### SOURCE DATA
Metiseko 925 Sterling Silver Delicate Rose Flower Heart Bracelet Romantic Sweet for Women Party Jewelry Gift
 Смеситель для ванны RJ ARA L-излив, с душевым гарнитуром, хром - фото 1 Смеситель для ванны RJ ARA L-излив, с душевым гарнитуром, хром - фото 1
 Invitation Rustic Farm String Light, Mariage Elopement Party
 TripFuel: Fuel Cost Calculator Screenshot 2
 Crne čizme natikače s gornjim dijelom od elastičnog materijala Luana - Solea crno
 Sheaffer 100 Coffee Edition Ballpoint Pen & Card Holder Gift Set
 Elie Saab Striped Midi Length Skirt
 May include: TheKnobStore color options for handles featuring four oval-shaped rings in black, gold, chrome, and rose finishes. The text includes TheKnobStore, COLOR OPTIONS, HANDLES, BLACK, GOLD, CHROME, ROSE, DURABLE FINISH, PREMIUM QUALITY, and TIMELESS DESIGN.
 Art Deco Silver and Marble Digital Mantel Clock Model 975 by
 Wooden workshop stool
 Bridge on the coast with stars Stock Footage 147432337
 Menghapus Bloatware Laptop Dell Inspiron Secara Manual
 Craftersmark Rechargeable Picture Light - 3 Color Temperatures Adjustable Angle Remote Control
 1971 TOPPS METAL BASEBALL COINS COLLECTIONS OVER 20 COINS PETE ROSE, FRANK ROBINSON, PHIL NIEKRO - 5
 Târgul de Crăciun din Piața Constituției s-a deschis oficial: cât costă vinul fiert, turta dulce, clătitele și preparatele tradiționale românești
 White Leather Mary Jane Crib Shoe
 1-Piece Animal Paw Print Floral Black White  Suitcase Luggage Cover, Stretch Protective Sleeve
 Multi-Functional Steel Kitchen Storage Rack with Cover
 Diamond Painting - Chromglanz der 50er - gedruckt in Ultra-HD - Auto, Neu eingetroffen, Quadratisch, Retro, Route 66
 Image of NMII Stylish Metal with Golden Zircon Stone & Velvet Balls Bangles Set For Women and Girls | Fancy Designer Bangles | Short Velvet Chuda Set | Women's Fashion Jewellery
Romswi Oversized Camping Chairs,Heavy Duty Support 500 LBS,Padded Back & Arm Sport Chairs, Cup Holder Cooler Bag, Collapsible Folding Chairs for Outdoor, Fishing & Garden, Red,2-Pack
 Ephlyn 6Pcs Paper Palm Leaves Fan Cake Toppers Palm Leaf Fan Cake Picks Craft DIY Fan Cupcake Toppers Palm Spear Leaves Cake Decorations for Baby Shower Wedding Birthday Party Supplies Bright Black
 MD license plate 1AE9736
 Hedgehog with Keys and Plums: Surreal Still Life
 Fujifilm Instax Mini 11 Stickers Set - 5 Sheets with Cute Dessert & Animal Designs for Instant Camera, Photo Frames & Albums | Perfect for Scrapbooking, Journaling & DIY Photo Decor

### WORK REQUIRED
Print the records again in full, exactly as they appear above.

### SOLUTION TO THE EXERCISE
Metiseko 925 Sterling Silver Delicate Rose Flower Heart Bracelet Romantic Sweet for Women Party Jewelry Gift
 Смеситель для ванны RJ ARA L-излив, с душевым гарнитуром, хром - фото 1 Смеситель для ванны RJ ARA L-излив, с душевым гарнитуром, хром - фото 1
 Invitation Rustic Farm String Light, Mariage Elopement Party
 TripFuel: Fuel Cost Calculator Screenshot 2
 Crne čizme natikače s gornjim dijelom od elastičnog materijala Luana - Solea crno
 Sheaffer 100 Coffee Edition Ballpoint Pen & Card Holder Gift Set
 Elie Saab Striped Midi Length Skirt
 May include: TheKnobStore color options for handles featuring four oval-shaped rings in black, gold, chrome, and rose finishes. The text includes TheKnobStore, COLOR OPTIONS, HANDLES, BLACK, GOLD, CHROME, ROSE, DURABLE FINISH, PREMIUM QUALITY, and TIMELESS DESIGN.
 Art Deco Silver and Marble Digital Mantel Clock Model 975 by
 Wooden workshop stool
 Bridge on the coast with stars Stock Footage 147432337
 Menghapus Bloatware Laptop Dell Inspiron Secara Manual
 Craftersmark Rechargeable Picture Light - 3 Color Temperatures Adjustable Angle Remote Control
 1971 TOPPS METAL BASEBALL COINS COLLECTIONS OVER 20 COINS PETE ROSE, FRANK ROBINSON, PHIL NIEKRO - 5
 Târgul de Crăciun din Piața Constituției s-a deschis oficial: cât costă vinul fiert, turta dulce, clătitele și preparatele tradiționale românești
 White Leather Mary Jane Crib Shoe
 1-Piece Animal Paw Print Floral Black White  Suitcase Luggage Cover, Stretch Protective Sleeve
 Multi-Functional Steel Kitchen Storage Rack with Cover
 Diamond Painting - Chromglanz der 50er - gedruckt in Ultra-HD - Auto, Neu eingetroffen, Quadratisch, Retro, Route 66
 Image of NMII Stylish Metal with Golden Zircon Stone & Velvet Balls Bangles Set For Women and Girls | Fancy Designer Bangles | Short Velvet Chuda Set | Women's Fashion Jewellery
Romswi Oversized Camping Chairs,Heavy Duty Support 500 LBS,Padded Back & Arm Sport Chairs, Cup Holder Cooler Bag, Collapsible Folding Chairs for Outdoor, Fishing & Garden, Red,2-Pack
 Ephlyn 6Pcs Paper Palm Leaves Fan Cake Toppers Palm Leaf Fan Cake Picks Craft DIY Fan Cupcake Toppers Palm Spear Leaves Cake Decorations for Baby Shower Wedding Birthday Party Supplies Bright Black
 MD license plate 1AE9736
 Hedgehog with Keys and Plums: Surreal Still Life
 Fujifilm Instax Mini 11 Stickers Set - 5 Sheets with Cute Dessert & Animal Designs for Instant Camera, Photo Frames & Albums | Perfect for Scrapbooking, Journaling & DIY Photo Decor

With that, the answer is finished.